Au Royaume-Uni, nous pourrions observer des signes de l’impact sur l’économie de la décision de sortie de l’Union européenne (« Brexit »). La confiance des ménages s’établit désormais à un niveau plus faible que celui observé avant le référendum de juin 2016. L’emploi est en perte de vitesse. En janvier, le taux de croissance en glissement annuel des ventes au détail a nettement ralenti. La hausse des prix des logements décélère. La faiblesse de la livre et le renchérissement du pétrole ont fait remonter l’inflation, ce qui place la Banque d’Angleterre devant un choix difficile : relever les taux pour juguler l’inflation ou maintenir une politique accommodante pour soutenir la croissance. Les swaps OIS ne donnent qu’une faible probabilité de relèvement des taux cette année.

SAISON DES RÉSULTATS : BONNE AUX ÉTATS-UNIS…

Aux États-Unis, la période de publication des résultats du quatrième trimestre 2016 s’achève et le bilan que nous en dressons est positif. À ce jour, la croissance moyenne des chiffres d’affaires publiés ressort à 4,8 % sur un an et celle des résultats nets s’établit à 5,6 %. La progression des bénéfices par action est bien partie pour atteindre 7,3 % sur un an. Le redressement des chiffres d’affaires et des résultats, qui s’est amorcé début 2016, s’est poursuivi tout au long de l’année. Les secteurs qui se sont distingués en termes de croissance du résultat net sont ceux des services aux collectivités, de la finance et des technologies de l’information.

La tendance de révision des prévisions de résultats (variation sur trois mois des anticipations de bénéfices à douze mois) est devenue positive en juin et a été robuste d’août 2016 à janvier 2017, mais a fléchi en février. Il semblerait que l’essentiel des révisions à la hausse des estimations bénéficiaires ait été opéré.

… MOINS SOLIDE EN EUROPE

La saison des résultats bat son plein en Europe. Jusqu’à présent, elle paraît moins robuste que celle observée outre-Atlantique : 62 % des entreprises qui ont publié leurs chiffres à ce jour ont surpris agréablement sur leur chiffre d’affaires et 52 % ont dépassé les attentes en termes de résultat net. Cela constitue une amélioration sur le front du chiffre d’affaires, mais, à ce jour, les dépassements d’estimations de résultat net sont revenus à leur moyenne à plus long terme. La tendance de révision des prévisions de résultats est devenue plus positive qu’aux États-Unis.

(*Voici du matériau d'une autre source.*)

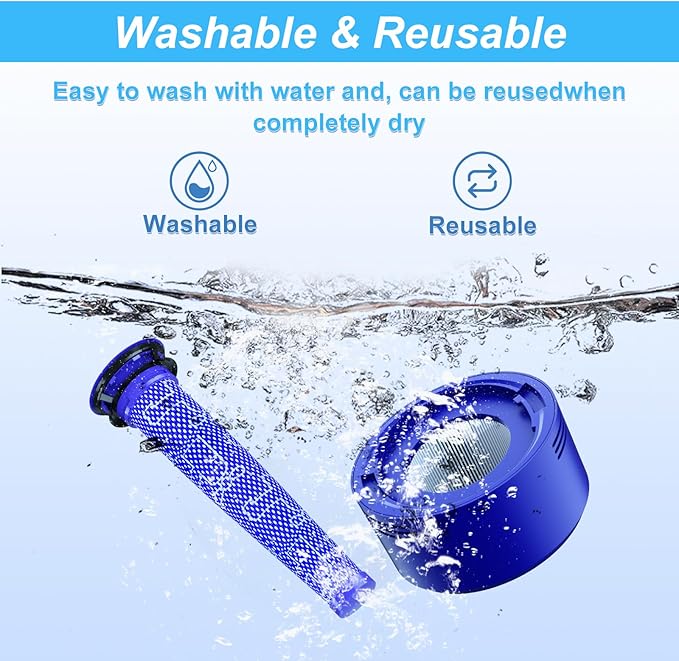 Vacuum Filter Replacement Parts Compatible with Dyson V7/V8 Animal, V8 Absolute & SV10 Cordless Vacuum Cleaners, Replaces Part # 965661-01 & 967478-01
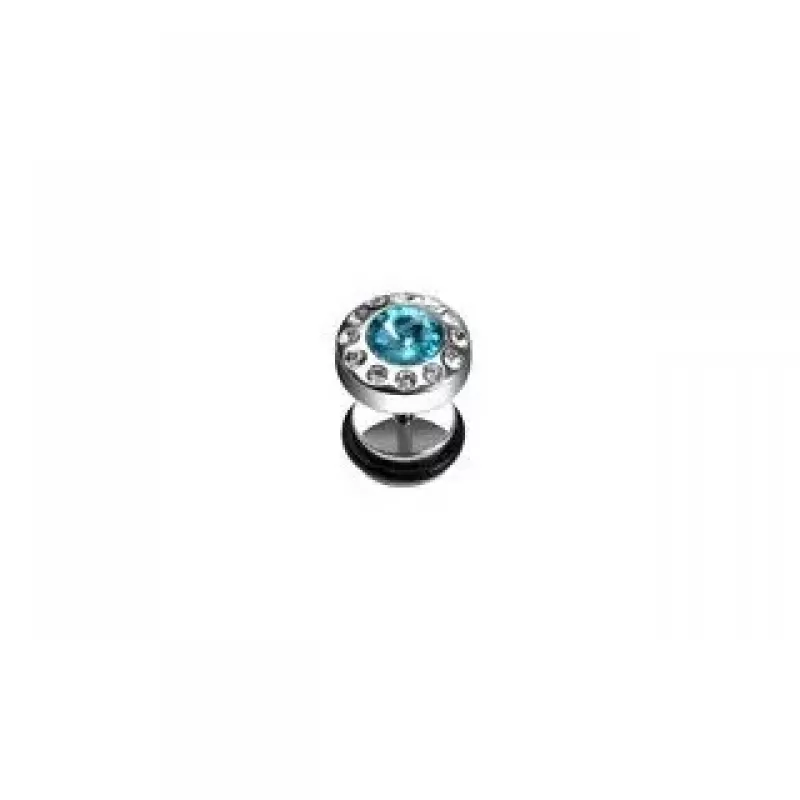 Серьга PiercedFish PSFX-08 с фианитами (плаг обманка)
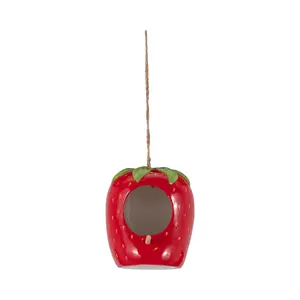 Sagebrook Home 20271 6 in. Strawberry Bird House, Feeder - Red & Green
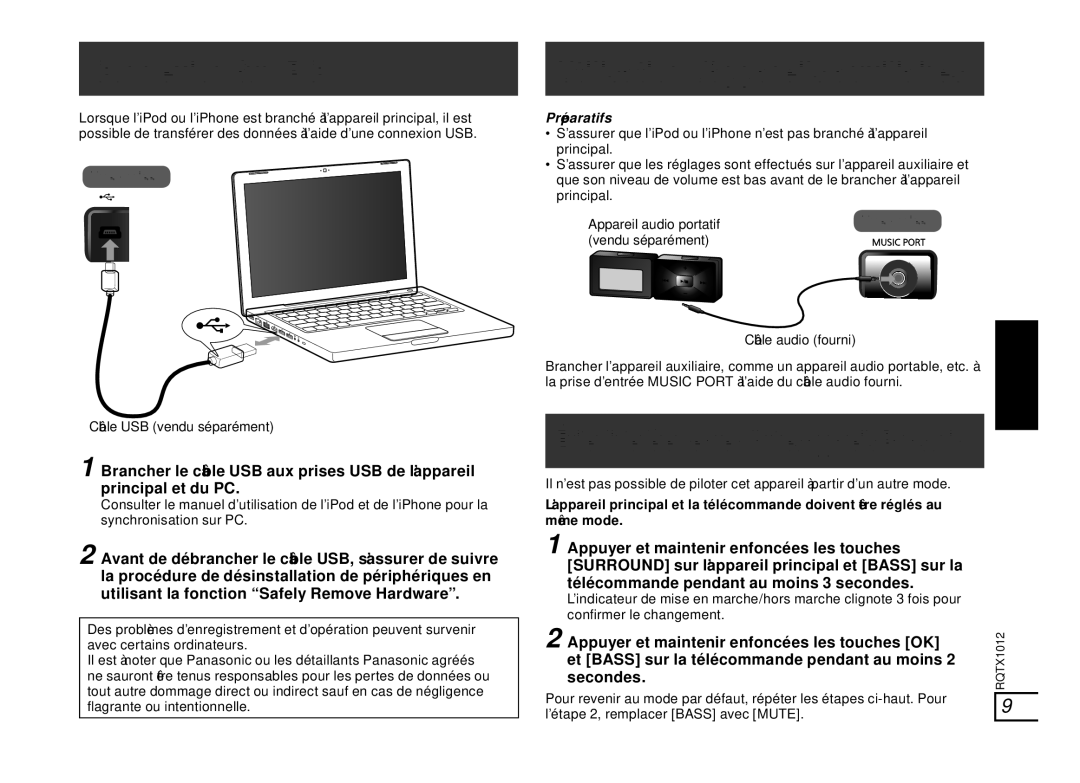 Panasonic SC-SP100 manual Connexion à un PC, Utilisation d’appareils auxiliaires, Vue arrière, Préparatifs 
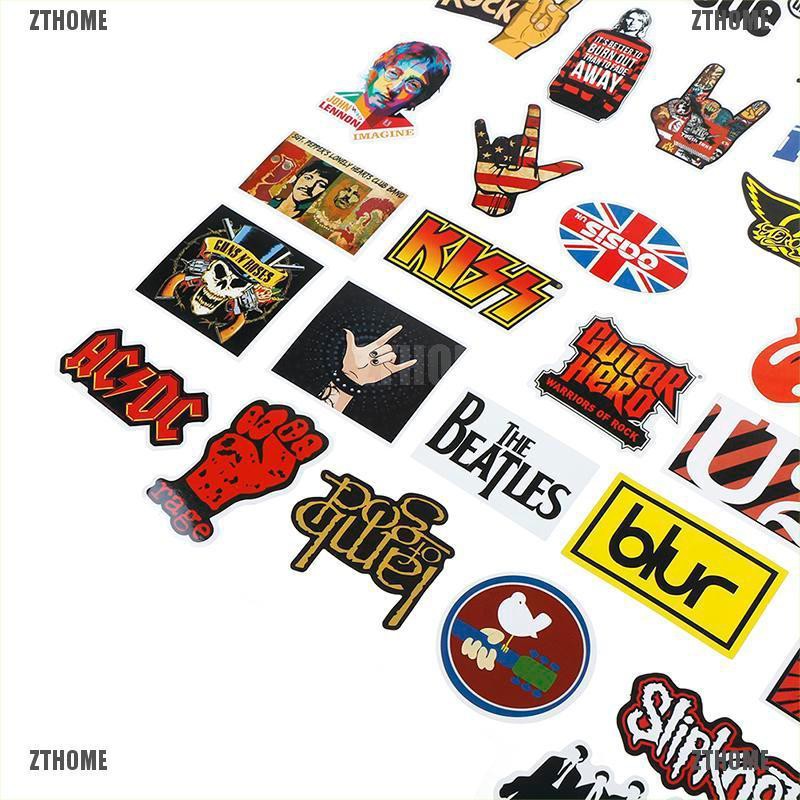 Bộ 52 sticker phong cách ban nhạc rock cổ điển dùng để trang trí vali hành lý/ván trượt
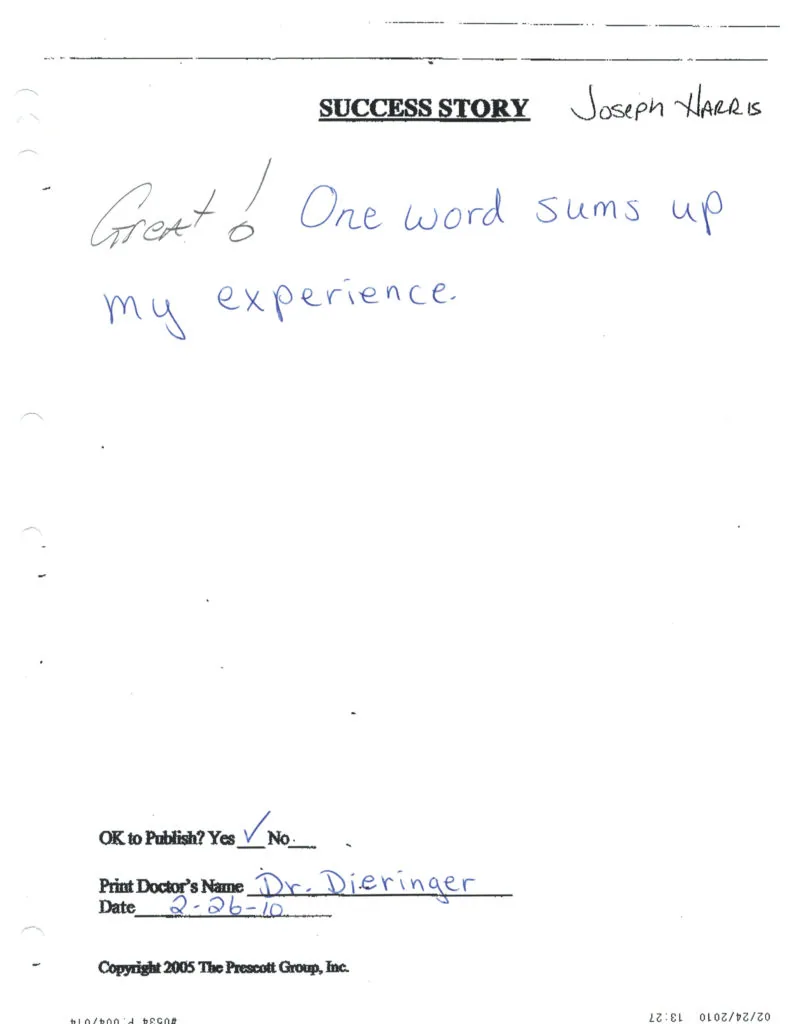 Handwritten success story form titled 'SUCCESS STORY' attributed to Joseph Harris, with text reading 'Best 1 One word sums up my experience.' Includes checkboxes for publication approval and doctor's name Dr. Dieringer with date 3-26-10.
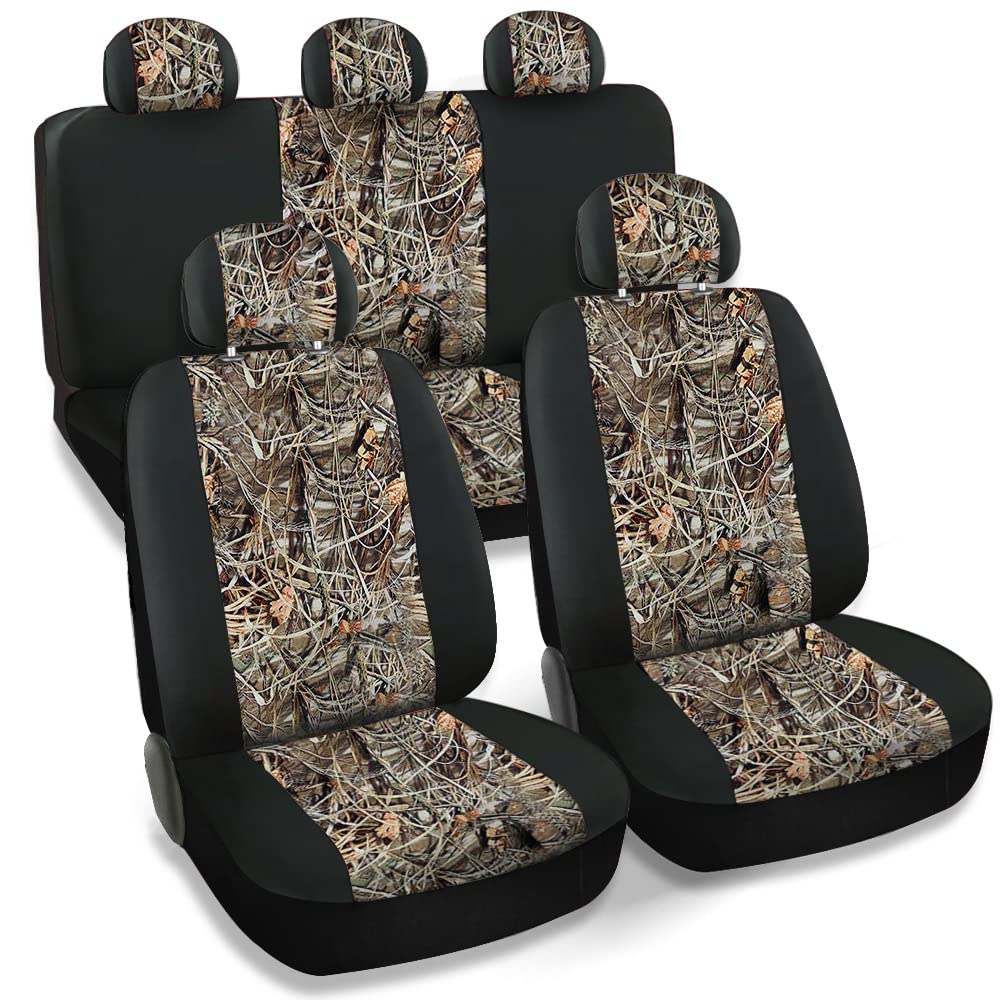 CarsCover Real Black Camo seat front view showing protective texture and rugged style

ALLOCATION D’ACTIFS INCHANGÉE

Nous sous-pondérons les actions, les obligations d’entreprises à haut rendement américaines et les obligations des marchés émergents libellés en dollars américains. En ce qui concerne ces deux dernières classes d’actifs, nous estimons que la rémunération issue du portage n’est pas suffisante pour compenser les risques d’un écartement des spreads ou d’une hausse des rendements sous-jacents. Nous sous-pondérons également les matières premières, car nous ne percevons guère de potentiel de hausse supplémentaire des cours, tandis que le portage sur le pétrole brut est négatif.

Pour consulter l’ensemble des positions de l’allocation d’actifs de l’équipe Solution multi-actifs, veuillez cliquer sur ce lien  (document réservé aux professionnels de l’investissement)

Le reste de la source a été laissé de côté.